Extrait du "Tuyau" numéro 2 page 3 (22 juillet 1915)

séparation

Variétés

Autour du camp.

S’il fallait de nouveaux exemples pour prouver que la société est chez l’homme une nécessité indispensable, qu’elle lui est un besoin instinctif, qu’elle est pour son existence une condition vitale, on ne pourrait en trouver de plus flagrants qu’ici dans ce camp de Quedlinburg, où les hasards de la guerre nous tiennent enfermés depuis plus d’un an…

Dans presque tous les cas la cause qui décida le rapprochement des êtres fut la différence des sexes. Mais ici la femme n’existe pas : première particularité. Et aucun intérêt quel qu’il soit n’étant un jeu, l’argent perd donc, en grande partie, le rôle qu’il joue dans la société : c’est la deuxième particularité.

Et bien, il s’est formé à Quedlinburg malgré cela une société complète toute composée de petites familles. C’est de celles-là que je veux parler.

Ah ! elles sont bien drôles nos petites familles et comme elles ressemblent peu à celles que nous avons là-bas en France.
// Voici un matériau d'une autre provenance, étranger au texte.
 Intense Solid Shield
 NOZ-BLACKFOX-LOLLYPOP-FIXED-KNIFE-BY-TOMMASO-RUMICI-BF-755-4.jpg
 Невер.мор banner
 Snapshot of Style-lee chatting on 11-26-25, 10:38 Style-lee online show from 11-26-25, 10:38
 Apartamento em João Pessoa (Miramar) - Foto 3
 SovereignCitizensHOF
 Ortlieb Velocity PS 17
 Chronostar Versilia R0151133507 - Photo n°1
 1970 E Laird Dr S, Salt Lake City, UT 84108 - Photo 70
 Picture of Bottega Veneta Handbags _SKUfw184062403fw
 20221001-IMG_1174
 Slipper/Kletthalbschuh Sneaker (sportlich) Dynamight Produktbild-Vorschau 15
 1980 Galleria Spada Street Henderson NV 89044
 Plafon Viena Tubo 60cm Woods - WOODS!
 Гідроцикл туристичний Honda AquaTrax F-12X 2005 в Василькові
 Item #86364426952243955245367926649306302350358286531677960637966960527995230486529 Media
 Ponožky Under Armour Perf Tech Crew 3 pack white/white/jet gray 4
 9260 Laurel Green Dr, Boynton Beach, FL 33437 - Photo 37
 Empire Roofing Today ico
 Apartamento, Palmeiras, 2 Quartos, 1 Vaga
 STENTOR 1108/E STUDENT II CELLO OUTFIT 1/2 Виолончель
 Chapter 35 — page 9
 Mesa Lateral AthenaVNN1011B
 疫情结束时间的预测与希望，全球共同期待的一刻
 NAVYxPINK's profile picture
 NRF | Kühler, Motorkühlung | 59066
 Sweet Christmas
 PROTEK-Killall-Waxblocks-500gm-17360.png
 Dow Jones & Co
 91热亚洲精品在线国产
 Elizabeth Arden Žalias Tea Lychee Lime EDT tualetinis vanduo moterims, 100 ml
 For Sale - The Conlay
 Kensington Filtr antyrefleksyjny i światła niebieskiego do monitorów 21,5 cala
Elles sont généralement à deux ou trois personnes, rarement à quatre. Dans chacune il y a la femme. On choisit pour cela la plupart du temps un camarade débrouillard et débarré, qui s’entend à merveille à allumer du feu, à ouvrir les boîtes de conserves, à faire du bon café, de bonne soupe, qui excelle grâce à son audace, à obtenir du (censure), qui connaît les bons endroits, qui sait ou trouver du bois, du sel, de l’huile, en un mot c’est un "Démerdard"; il sait aussi ne jamais aller en corvée et grâce à lui le dîner est prêt, la cuisine est bonne.

C'est lui qui s'occupe des colis, il sait ce qu'il manque et ce qu'il y a de trop, ce qui est bon et ce qui est mauvais. C'est le ministre de l'intérieur. Les autres camarades ce sont les maris, ils ne s'occupent de rien; quand ils arrivent du travail, c'est pour se mettre à table et dire si tout est à leur goût, puis ils mangent tout leur saoul et après cela ils allument un cigare en laissant à Madame le soin de leur servir un délicieux moka. Voilà, cela c'est le bon côté, c'est le bonheur. Mais il en est de nos ménages comme de tout ici-bas; chaque chose à son revers, et,hélas! Nous avons des disputes conjugales, des horribles disputes, il y a des maris exigeants et nos femmes sont souvent irascibles.

Que penser d'une compagne qui, au lieu d'accepter un reproche les yeux baissés toute rougissante, nous répond d'une voix tonitruante en assénant un formidable coup de poing sur la table: Je vais te f… le plat à travers la gueule? Où voulez-vous que s'en aille loger l'amour, raisonnablement? Et les petits mots aigres, les propos épineux tels que ceux-ci: la soupe est un peu trop salée…Ah! Et ta sœur est-ce qu'elle l'a salé? Et si nos moitiés étaient tendres et douces mais elles ont des bras de lutteur, elles sont rouges comme une tranche de gigot bien saignante et barbues comme des sapeurs! Alors où est l'illusion?

Aussi ne faut-il pas s'étonner qu'il y ait des divorces retentissants, des séparations bruyantes et amères, tout comme dans la vie civile.

Moi qui vous parle, je suis un malheureux. Je me suis marié, j'ai divorcé; j'ai eu une seconde liaison où je fus indignement trompé. Et maintenant j'ai repris une autre femme beaucoup plus âgée que moi mais bien plus sérieuse et aussi plus dévouée. Elle a bon caractère, je lui dois d'exquis chocolats et de savoureuses salades et comme l'expérience m'a rendu tolérant, qu'elle m'a appris que le bonheur n'est jamais pur, même à Quedlinburg, je passe sur bien des choses, le meilleur moment pour un prisonnier n'étant-il pas après tout celui où il oublie le cafard en dégustant un café bien chaud et bien sucré?